Возле очага стояли двое: крестьянского вида здоровенный мужик в безрукавке мехом наружу, и лохматый подросток лет пятнадцати, голый до пояса, в замасленном кожаном фартуке. Он-то и держал ту самую железку; руки его дрожали, а глаза круглились от ужаса.
– Нет, не выходит, – сказал мужик. Кажется, он тоже был слегка испуган. – Годви, надо ещё ко лбу приложить, тогда тварь точно сдохнет…
– Я к нему не подойду больше! – взвизгнул мальчишка. – Сами, если хотите…
– Какая тварь? – хрипло выдохнул Родрик. – Кто вы такие?
Подросток взвизгнул ещё раз и, выронив железку, упавшую на пол с каменным стуком, пустился наутёк. Раздался звук хлопнувшей двери. Крестьянин тоже было попятился, но не побежал. Помедлив, он достал из-за пазухи склянку и, трясясь как лист на ветру, мелкими шажками приблизился к Родрику на расстояние вытянутой руки.
– Кто вы такой? – просипел Родрик. – Что вам надо? Денег?
– Молчи, Вилово отродье! – Мужик попытался крикнуть грозно, но в конце его голос сорвался на писк. Он налил из склянки в ладонь и, словно боясь обжечься, брызнул на Родрика. Тот дёрнулся, но, кажется, это была просто вода.
– Изыде, порожденье Вила, от храму и от дому сего, от дверей и от всех четырех углов, – завывая, начал крестьянин. – Нет тебе, Вилов сын, здесь участия, места и покою, здесь чистое место, здесь силы небесныя ликовствуют, здесь отец всего сущего Эогабал и праматерь Боанн, святые Этельберт и Гелла и ныне и по всей вселенныя, по них же полки держит святый Брендан, палицу сжимая. Не делай пакости, диаволе, сему месту и дому, и человеку, и скоту, и всем детям Божиим, беги отсюда в Гленкиддирах, где твой истинный приют, и тамо да обретайся. Слово мое крепко, яко камень, мысли мои…

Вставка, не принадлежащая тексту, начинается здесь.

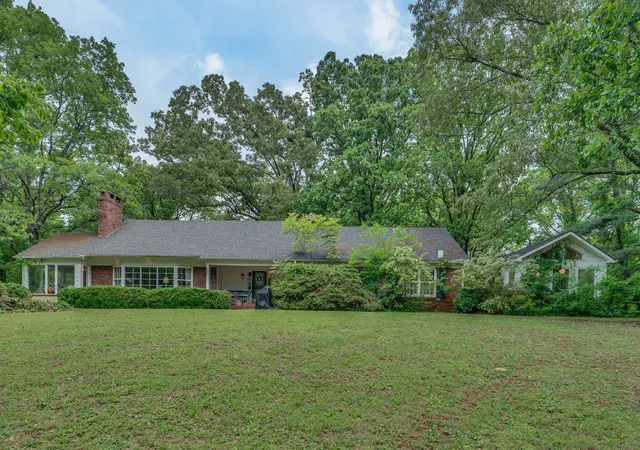 2nd image of 240 Dogwood Dr, Winchester, TN 37398 | MLS# 2920631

Невидимая Родрику дверь открылась и мужик, глянув туда, замолк.
– Что здесь происходит? – Старческий выкрик будто хлестнул его по щеке.
Мужик набрал в грудь воздуха.
– Тебя, преподобный, найти не смогли, а народ боится. Весь сход решил, что я, как скир этих земель…
Родрик извивался ужом в попытке разглядеть, кто там пришёл. Мимо, стуча клюкой по полу, проплыл старик в белой холщовой сутане, слегка несвежей. Длинные седые волосы стелились по его плечам.
– А если сход решит, что ты должен грехи отпускать?
– Ну, отчего же… – приосанился мужик. – Слова я знаю.
– Вот так оно и получается, уважаемый Пебба: раз человек слова знает, начинает думать, что умеет говорить.
Мужик наморщил лоб.
– Не понимаю.
– Об этом будет моя следующая проповедь. А сейчас ты можешь идти и успокоить почтенных прихожан. Им ничего не угрожает.
Пебба, бормоча под нос, направился к выходу. Родрик закашлялся. Ожог на груди болел нестерпимо.
– Что вы хотите от меня, преподобный?